Heuristics to determine unit boundaries: object peer stereotypes, detecting effects and FIRS-ness

Published by Manuel Rivero on 03/07/2025

Testing, TDD, Test Doubles, Legacy Code, Object-Oriented Design

Introduction.

In our previous post, The class is not the unit in the London school style of TDD, we talked about the distinction that the authors of the GOOS book make between the peers (real collaborators^[1]) and the internals of an object, and how this distinction was crucial for the maintainability of unit tests.

We commented how in the tests we write, we should only rely on test doubles to simulate the peers of an object because they align with the behaviours (roles, responsibilities^[2]) that the behaviour under test directly depends on, not the classes it depends on. This practice is consistent with the recommendation: “mock roles, not objects”^[3]. This helps us focus on testing behaviour rather than implementation details.

We also commented that test doubles should not simulate internal objects (any collaborator that is not a peer of the object under test), as they represent implementation details.
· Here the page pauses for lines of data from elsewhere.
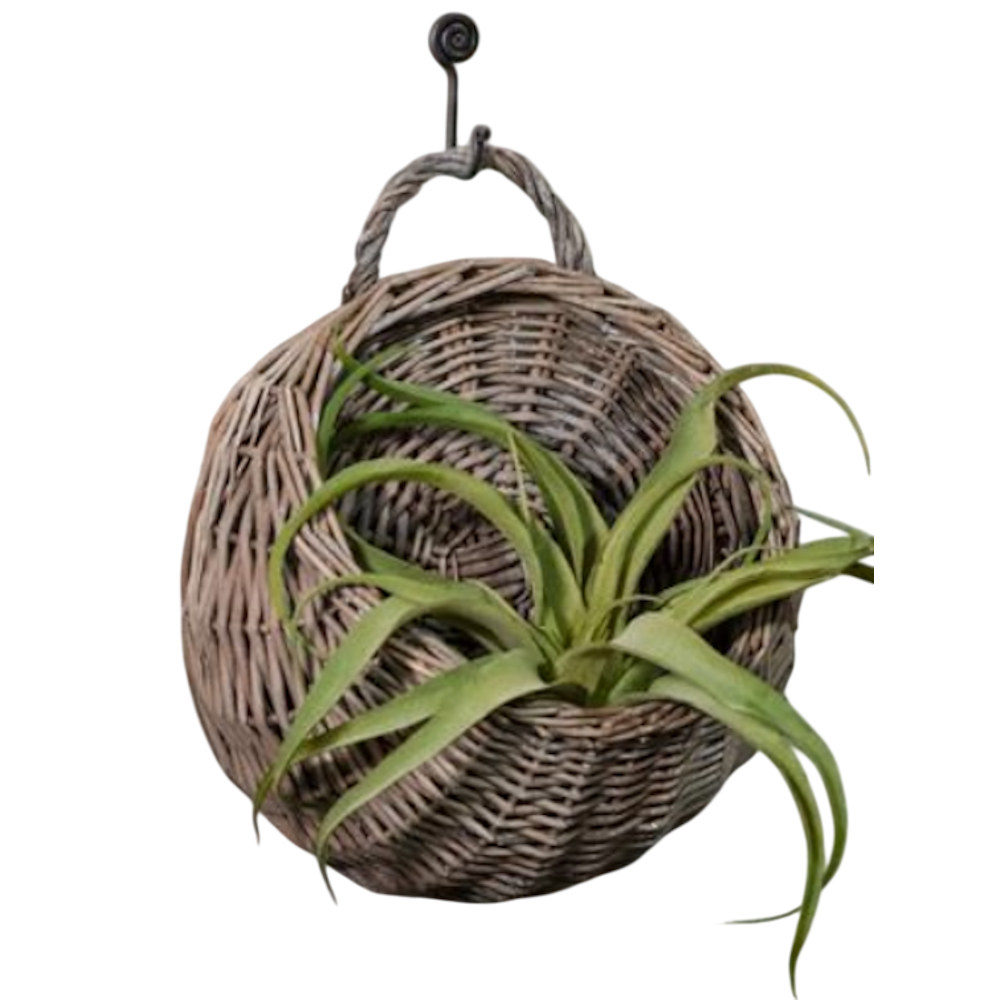 Large round woven willow wall pocket basket with green air plants, hanging on a metal hook.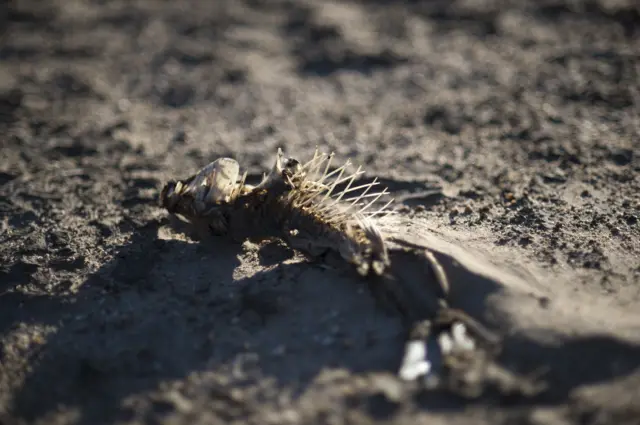 A picture taken on May 10, 2017 shows a dried out fish lying on the sand at Theewaterskloof Dam, which has less than 20% of it's water capacity, near Villiersdorp, about 108Km from Cape Town.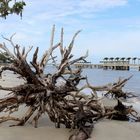 Jekyll Island Fishing Pier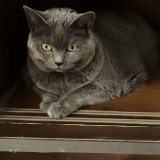 fluffy
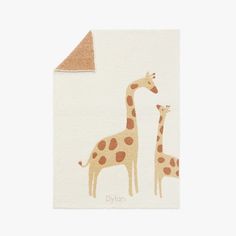 two giraffes standing next to each other in front of a white background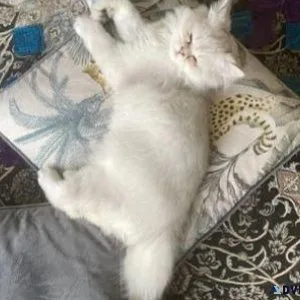 Pedigree Persian Kittens ready now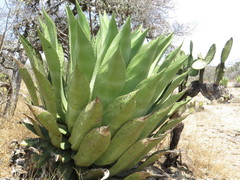 Agave scaposa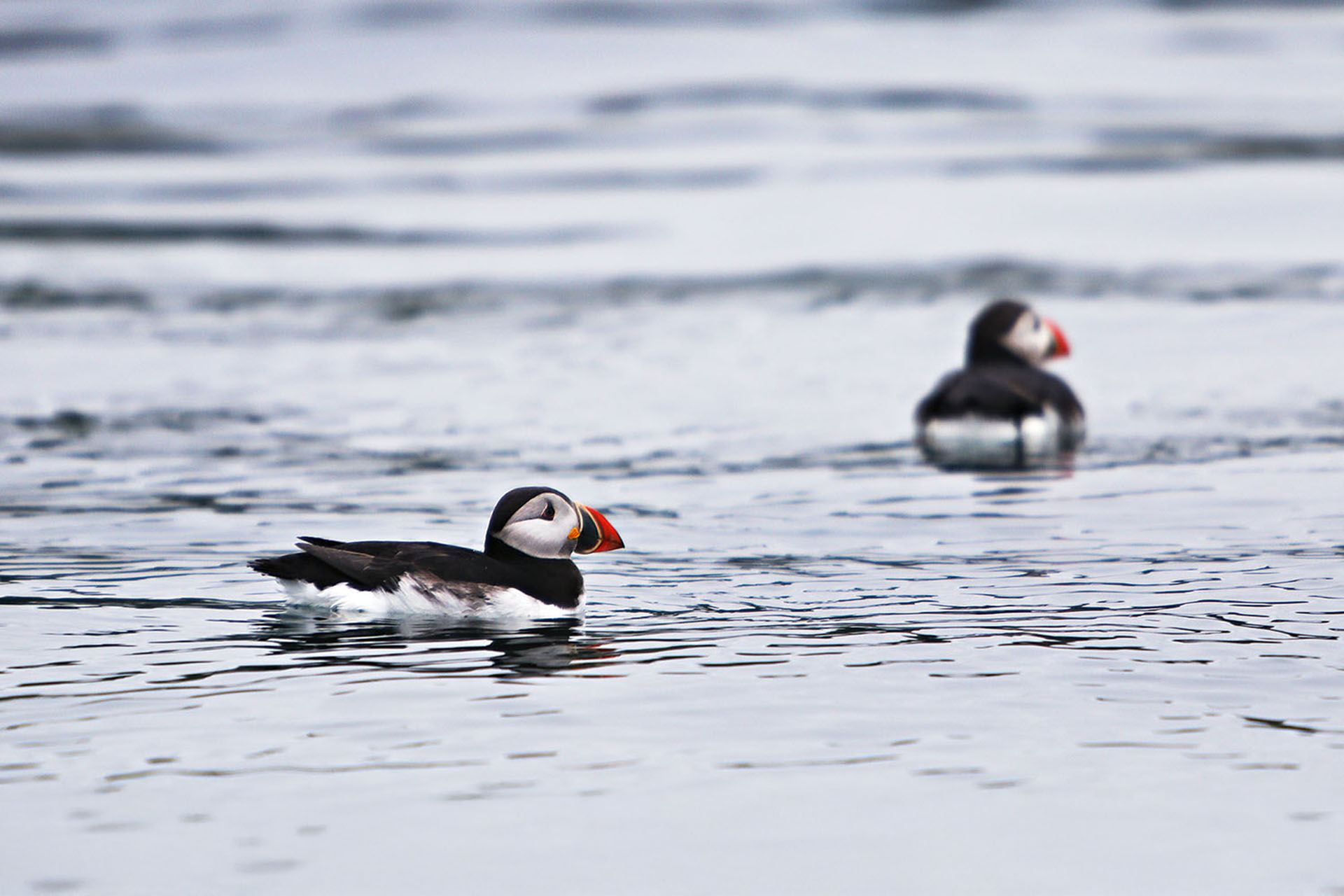 Atlantic puffins with their distinct colouring and colourful beaks have been dubbed the sea parrot of the Arctic.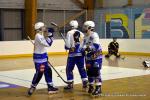 Photo hockey reportage N1 : Les Rapaces d'une courte aile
Using test doubles for them can result in tests that are tightly coupled to structure rather than behaviour.

So, in order to reduce the coupling of our tests to implementation details, it’s crucial that we correctly identify the peers of an object.
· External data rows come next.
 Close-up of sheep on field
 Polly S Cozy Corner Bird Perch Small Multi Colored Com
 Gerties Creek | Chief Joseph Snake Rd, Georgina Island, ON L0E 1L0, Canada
Finally, we commented about the object peer stereotypes which are heuristics presented by the GOOS authors to help us think about our design and identify peers.

In this post, we’ll discuss different heuristics that we may apply to detect the peers of an object, or, in other words, to determine the boundaries of the unit under test. We’ll also examine the relationships between them.^[4].
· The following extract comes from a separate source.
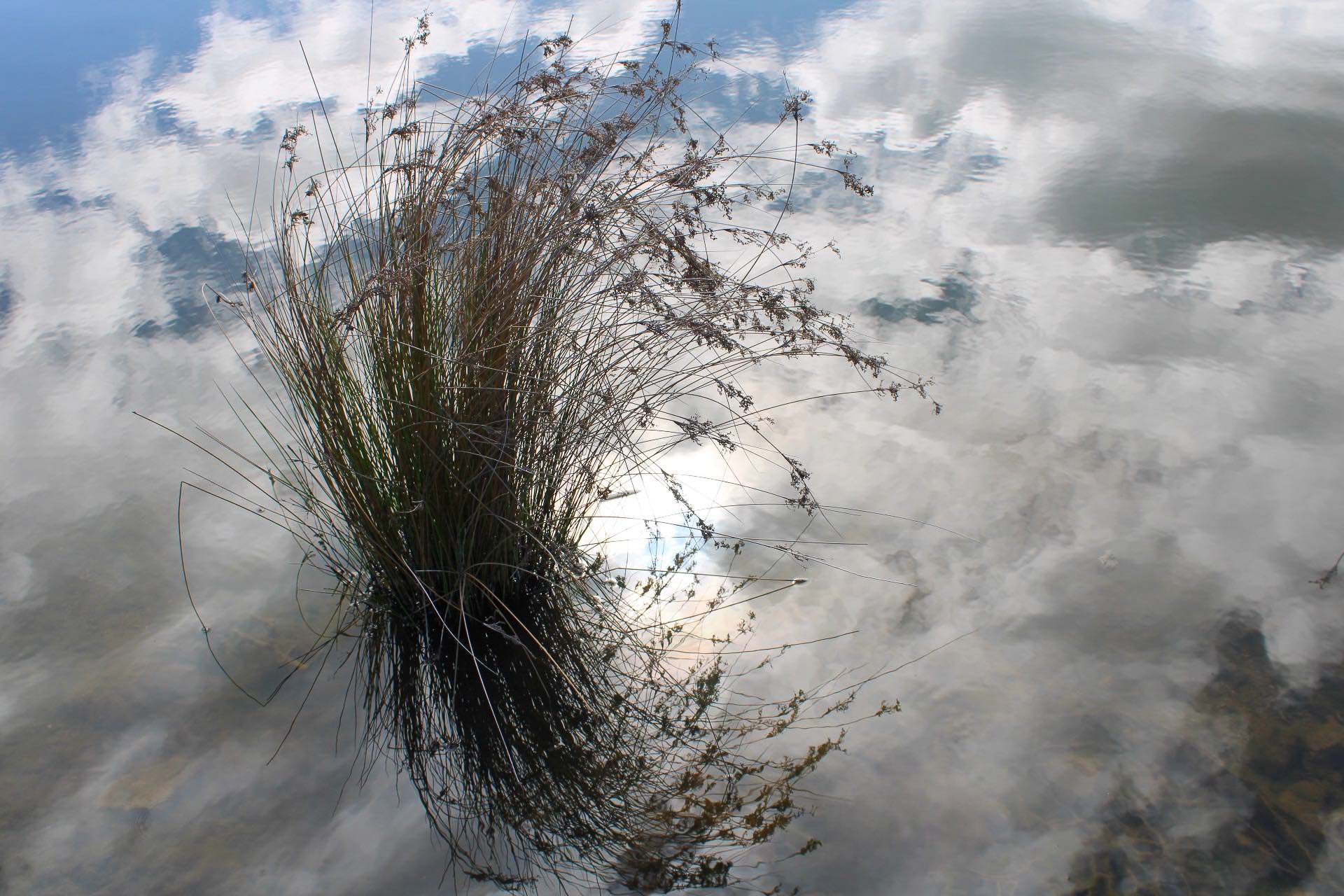 My Secret Way of Sitting in Nature & Still Being Productive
Heuristics to determine the boundaries of the unit under test.

Heuristic 1: Object peer stereotypes.

According to the GOOS book an object’s peers are cohesive objects^[5] that can be loosely categorized into three types of relationship:

Dependencies: “services that the object needs from its environment so that it can fulfill its responsibilities. The object cannot function without these services. It should not be possible to create the object without them.”
Notifications: “objects that need to be kept up to date with the object’s activity. The object will notify interested peers whenever it changes state or performs a significant action. Notifications are “fire and forget” (the object neither knows nor cares which peers are listening).”
Adjustments: “objects that tweak or adapt the object’s behaviour to the needs of the system. This includes policy objects that make decisions on the object’s behalf (think Strategy Pattern), and component parts of the object if it’s a composite.”

These peer stereotypes should be considered as heuristics to help us think about our design, not as hard rules.

They help us define the unit’s boundaries because dependencies, notifications and adjustments should be outside the unit.

Next, we will introduce two more general heuristics that produce coarser-grained units and explain how these heuristics relate to one of the object peer stereotypes: dependencies.

Heuristic 2: FIRS-ness.

The FIRS properties (Fast, Isolated, Repeatable, Self-validating),^[6] provide an interesting guideline for delineating the boundaries of a unit.

According to this idea, any code that adheres to the FIRS properties (i.e., exhibits FIRS-ness) belongs within the unit, while any code that violates any of these properties is an awkward collaboration (a dependency that impairs testability), and should be pushed outside the unit.

We can push FIRS-violating code (i.e., awkward collaborations) outside the unit by applying the Dependency Inversion Principle (DIP). This allows us to control how the unit depends on the awkward dependencies, and enables the use of test doubles in our test to simulate the behaviour of the awkward dependencies, thereby avoiding the testability problems^[7] (i.e., FIRS violations) they introduce.

Heuristic 3: Detecting effects.

Another guideline to determine unit boundaries is inspired by the separation of effectful^[8] and non-effectful (pure) code in functional programming. From this perspective, unit boundaries emerge “wherever an effect needs to be performed”.

If state mutation isn’t considered an effect, the unit boundaries defined using the FIRS-ness concept and the isolating-non-effectful code guideline would mostly align. This isn’t surprising, as FIRS violations are usually caused by effects (except in the case of really slow computations).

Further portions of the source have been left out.